Short web captions
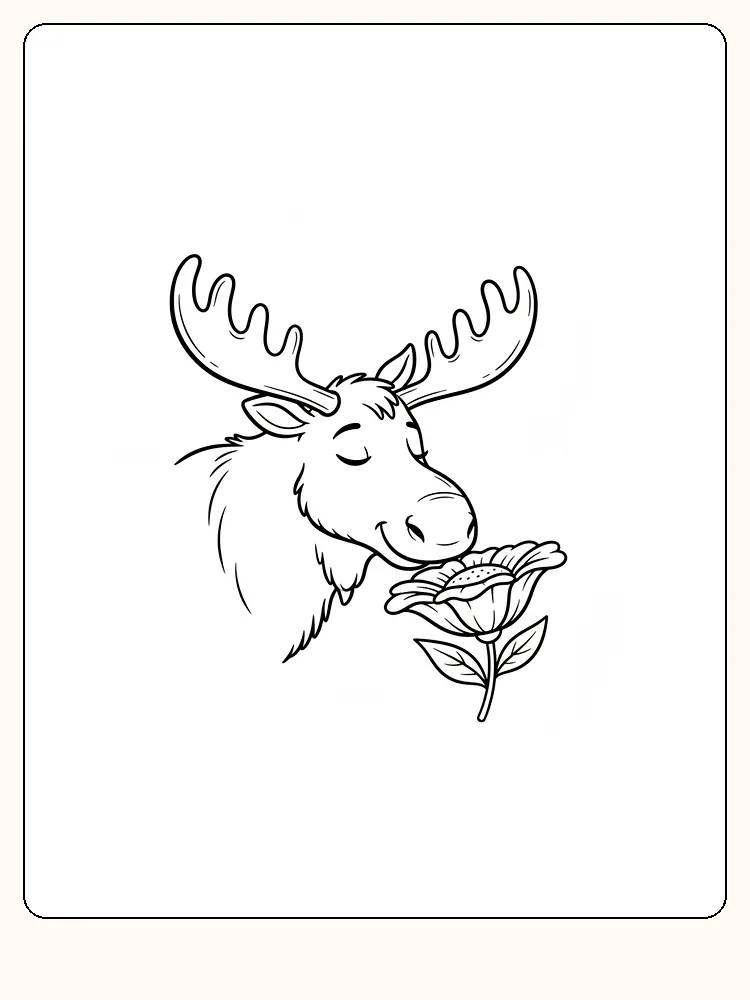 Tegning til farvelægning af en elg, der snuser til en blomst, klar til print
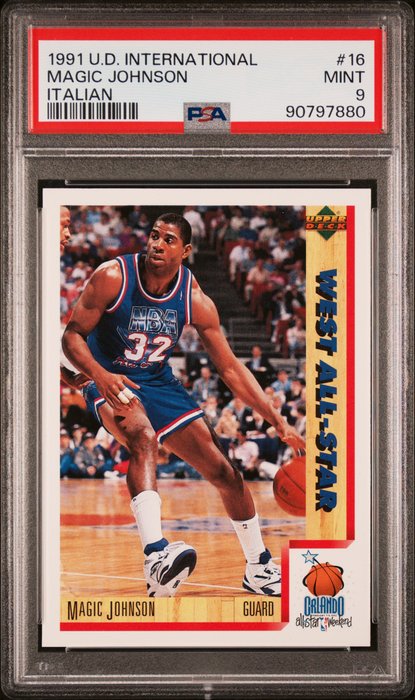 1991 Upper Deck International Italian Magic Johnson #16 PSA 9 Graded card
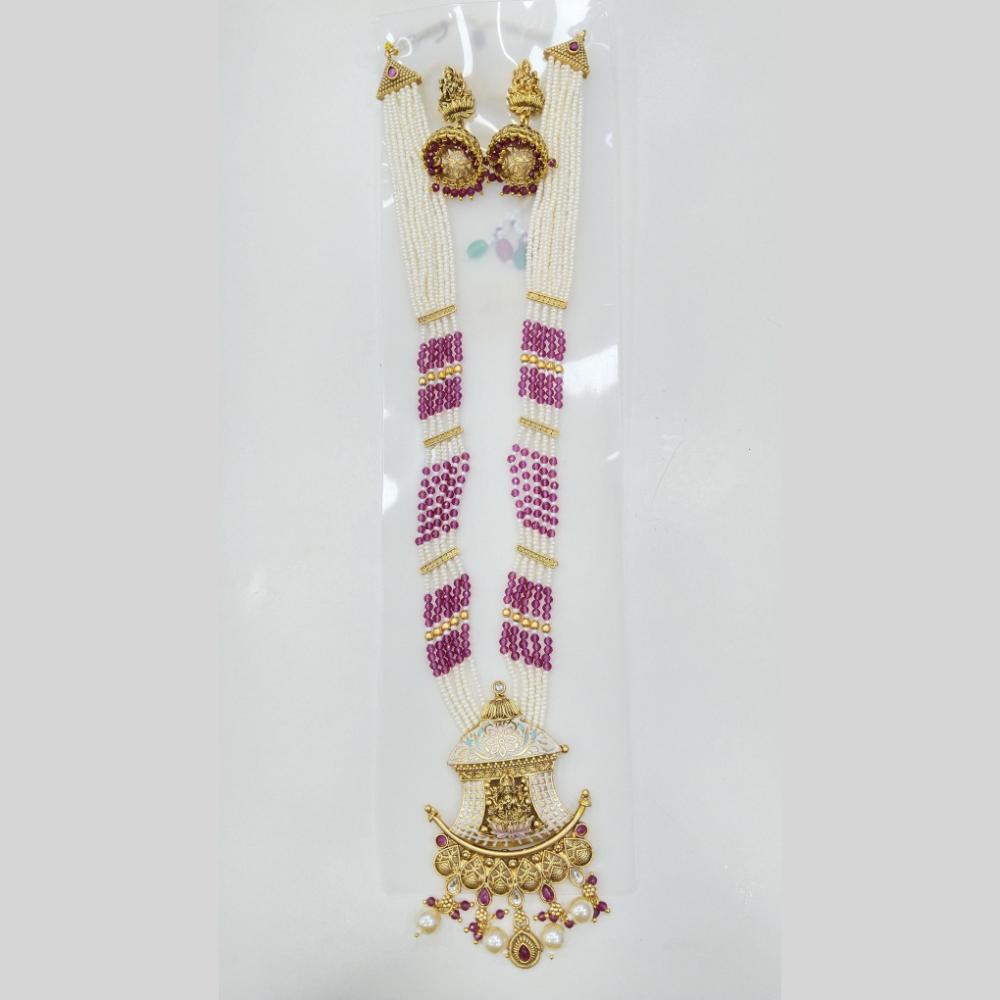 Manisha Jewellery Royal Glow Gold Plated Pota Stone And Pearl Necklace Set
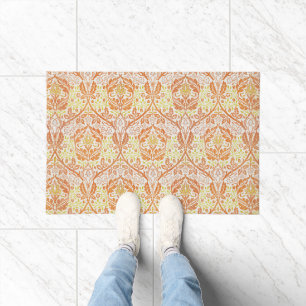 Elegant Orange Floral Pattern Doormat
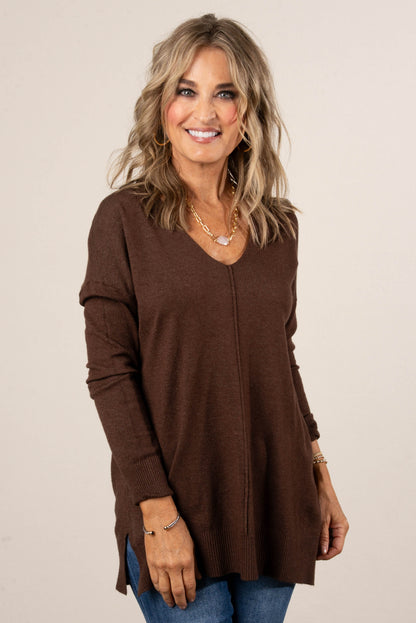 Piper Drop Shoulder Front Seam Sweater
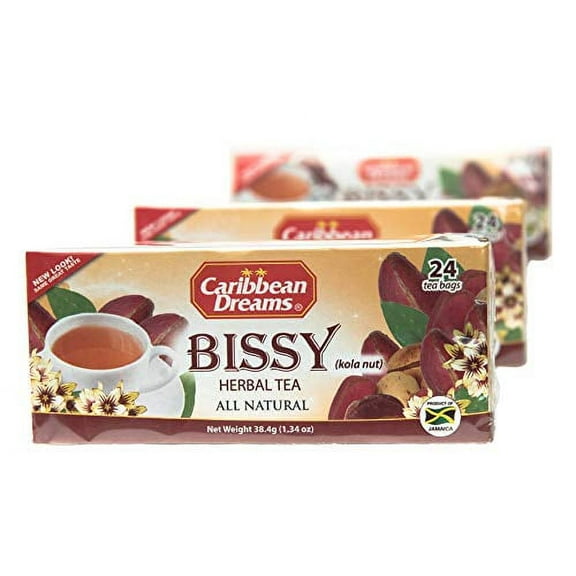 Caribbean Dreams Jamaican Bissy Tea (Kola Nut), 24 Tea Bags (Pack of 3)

About this exercise. Write out the records word for word. Pictures stay out.

Solved problem.
 Tegning til farvelægning af en elg, der snuser til en blomst, klar til print
 1991 Upper Deck International Italian Magic Johnson #16 PSA 9 Graded card
 Manisha Jewellery Royal Glow Gold Plated Pota Stone And Pearl Necklace Set
 Elegant Orange Floral Pattern Doormat
 Piper Drop Shoulder Front Seam Sweater
 Caribbean Dreams Jamaican Bissy Tea (Kola Nut), 24 Tea Bags (Pack of 3)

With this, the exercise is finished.